The number of decentralized applications (DApps) building on Polygon reached 3,000 as of October, from 30 same time last year, according to Alchemy, a developer platform that tracks the teams building on a number of blockchains. In the increasingly crowded space of Layer 2 competitors, Polygon emerged as the go-to scaling solution that’s enabling Ethereum to become the most definitive, fundamental settlement layer of the growing Web3 ecosystem.
One reason Polygon is the destination for some many projects is its complete compatibility with the Ethereum Virtual Machine (EVM). This allows Polygon to tap into the established community of developers who can easily migrate their work to and from the Ether network leveraging their existing tools.
Polygon also offers not one, not two, but an entire suite of solutions that provide users with an extremely high degree of real-time operational flexibility and scalability. At the same time, its highly developed messaging protocol makes cross-chain communication extremely streamlined and hassle-free for users.
Then there is the plain economic sense. The past year saw the cost of transactions on the Ethereum skyrocket, with the average fee rising as high as $200 in early September. Even after the deployment of the recent London Hardfork aimed at stabilizing rates, high gas fees have continued to persist. Polygon users pay just a fraction of what its costs to transact on Ethereum.
Since its inception in 2017, Polygon has morphed from a simple Layer 2 Ethereum scaling solution to a thriving ecosystem of popular Web3 projects making it a sustainable base of operations. Polygon solutions range from Polygon SDK, which provides a framework enabling developers to build Ethereum-compatible blockchain networks, to Polygon Hermez, a decentralized Zero-Knowledge rollup that inherits its security from Ethereum Layer 1. Polygon also is building some other exciting solutions like a privacy-centric rollup with EY, Polygon Nightfall, and a general purpose data availability layer, Polygon Avail.
Polygon hosts some of the biggest Web3 platforms and developers in the industry, from decentralized finance (DeFi) protocols such as lending platform Aave to luxury brands company Dolce & Gabbana, and even NFT marketplaces including OpenSea and Mark Cuban’s Lazy.com. Some of the DApps that have already integrated Polygon are Sushi, Aavegotchi, and Arc8.
The research, development, and investment channeled into Polygon has transformed the network into a sought-after developer hub. Just as Amazon Web Services lets users choose between Linux, Windows or other OS to facilitate their dev-related activities, Polygon provides a similar option for the builders of Web3.

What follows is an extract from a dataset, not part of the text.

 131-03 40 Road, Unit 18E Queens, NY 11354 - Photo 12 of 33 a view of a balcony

Polygon’s native architecture explained
Polygon’s underlying philosophy is that Ethereum scaling is a spectrum, which leads to a very open-minded approach that goes beyond the narrow definition of a Layer 2. Polygon was designed to support secured chains, such as L2, as well as stand-alone chains, an umbrella term for appchains or sovereign sidechains. The former promise a high level of data integrity and network privacy by making use of a ‘security-on-Ethereum-as-service’ setup. The latter offer a high degree of sovereignty and operational flexibility to its ‘child chains,’ but somewhat downplays the importance of security.
Here is Polygon’s digital ecosystem at a glance:
Ethereum Layer — helps facilitate a range of internal operations including checkpointing, dispute resolution, staking, finality, and messaging between all of the participating Ethereum and Polygon chains.

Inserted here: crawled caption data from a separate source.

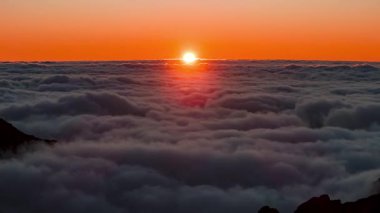 Hava gündoğumu Pico do Arieiro, Madeira 'da bulutların yükseldiğini gösteriyor. Sivri tepeler çerçeve köşeleri, ılık kehribar gradyanı katmanlar kaydıkça serin sis kontrastı.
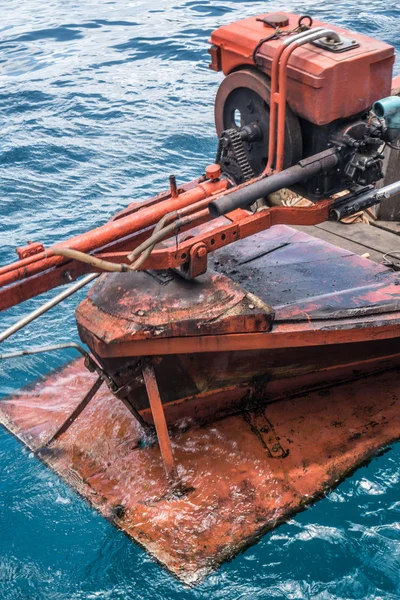 Engine and part of the propeller of long-tailed boat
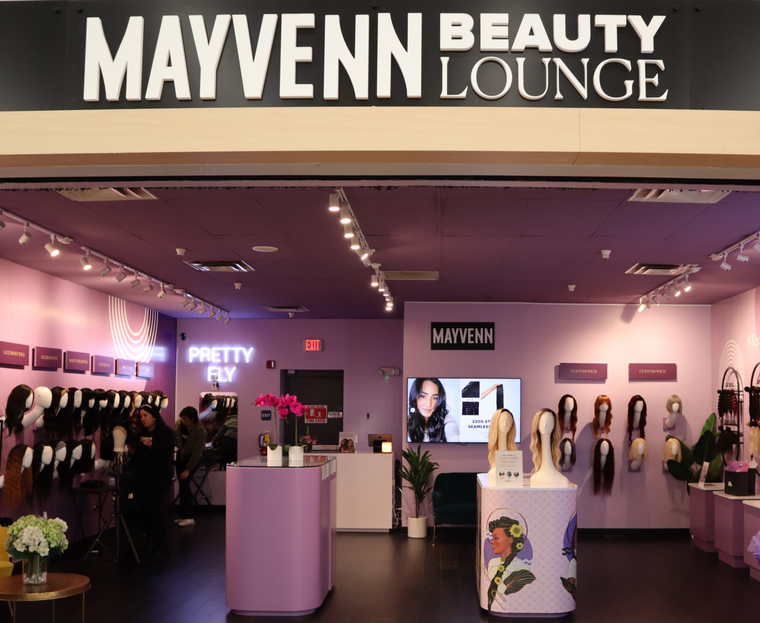 The Mayvenn Beauty Lounge retail counter, wigs on display beneath the Mayvenn Lounge sign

Security Layer — offers digital protection to any Polygon-compatible platform via the ‘validator-as-a-service’ protocol, essentially allowing projects to gain seamless access to Ethereum’s validator pool.
Polygon Network Layer — the substrate where all Ethereum-compatible blockchains are deployed is essential for the smooth functioning of all the key operational processes taking place within the network.
Execution Layer — can be thought of as the run-time environment where all of the participating blockchains can be deployed. For example, the Ethereum Virtual Machine is implemented and utilized within this layer for the execution of various smart contracts.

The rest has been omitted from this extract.